Last week brought some unexpected changes for me and seriously challenged my 'plan'- at least, the one I'd had in place for the summer. Almost immediately, I could sense myself beginning to despair, and feel that things would never come together, I'd always feel 'stuck,' hopeless, and like my life was going nowhere. This has happened before: something occurs and changes my daily routine or puts a monkey wrench in my plans, and I can't deal with it, I can't handle the disruption.
This time, though, I was struck by my response- I felt like I was observing my own reaction, like I might another person's. I thought, Hmm, that's interesting. I wonder why she's freaking out? This is no big deal at all, it'll pass, things will get better. So that's what I started to tell myself when I seemed to be tending toward those anxious, negative thoughts. Skeptic that I am, I must confess I'm surprised to find this working for me. I'm one of those people that's great at helping others overcome difficulties, but somehow can't apply the same principles to my own life. Sigh.
In other news, I went to my first bead show (Rings 'N Things) this week, where I saw some amazing beads and held a $289 strand of solar quartz in my hands. Those were some lovely stones! I wanted one of everything, of course, but I settled on a strand of deep blue sodalite teardrops, some teeny tiny tourmaline rondelles, and a strand of pale pink chalcedony teardrops. I'll be creating with these soon!
Last night, I had my second metalsmithing class (!) I am SO excited about it. I learned how to use a jeweler's saw to cut a sheet of sterling silver.
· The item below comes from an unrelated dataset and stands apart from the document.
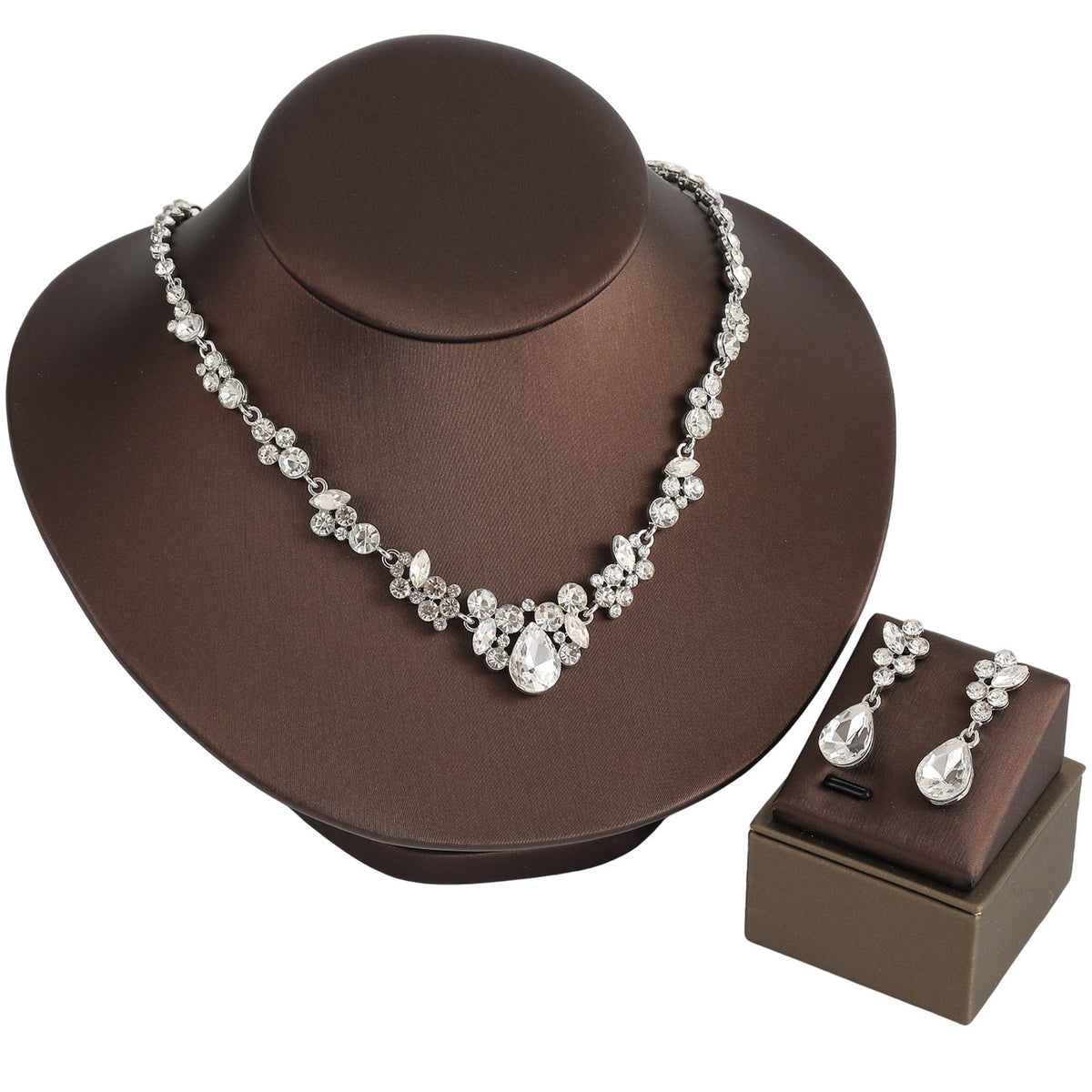 Elegant Emerald Floral Teardrop Necklace & Earring Set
Clearly, working with metal will take a lot of practice, but I love how it feels like I'm truly creating something- here is this design I drew, now I'm transferring it to the metal, now I'm cutting it out by hand, then I'm going to solder the pieces together and stamp it and drill it and polish it... etc. It's exciting.
On the way to my class, I saw an enormous snapping turtle crossing the road- a very busy road. He looked almost prehistoric, with a sharp, spiky shell and long, triangular tail. The turtle was just crossing over the white line as I drove by- and he was most certainly not moving at typical turtle pace. He had his head held up high and was boldly stepping out into oncoming traffic. I said a little prayer for his safety and flashed my headlights at other drivers to warn them.
Usually, I try not to get too metaphorical, but I couldn't help feeling that there was something about this turtle's approach to life that maybe I could benefit from. You could say it was foolish to head straight for what was an almost certain death- but the turtle couldn't know this, and neither can we always know what the future has in store for us. At some point- after careful consideration and analysis, the only choice is to take a leap, or make a decision, stick with it, and trust that everything will fall into place eventually. If you spend all your energy worrying things won't come together, well then, maybe they won't- because that was wasted energy that could have been applied to something more positive and productive.
The turtle must have made it safely across the road, or maybe some kind soul stopped to usher him along- because there was no sign of him on my way home.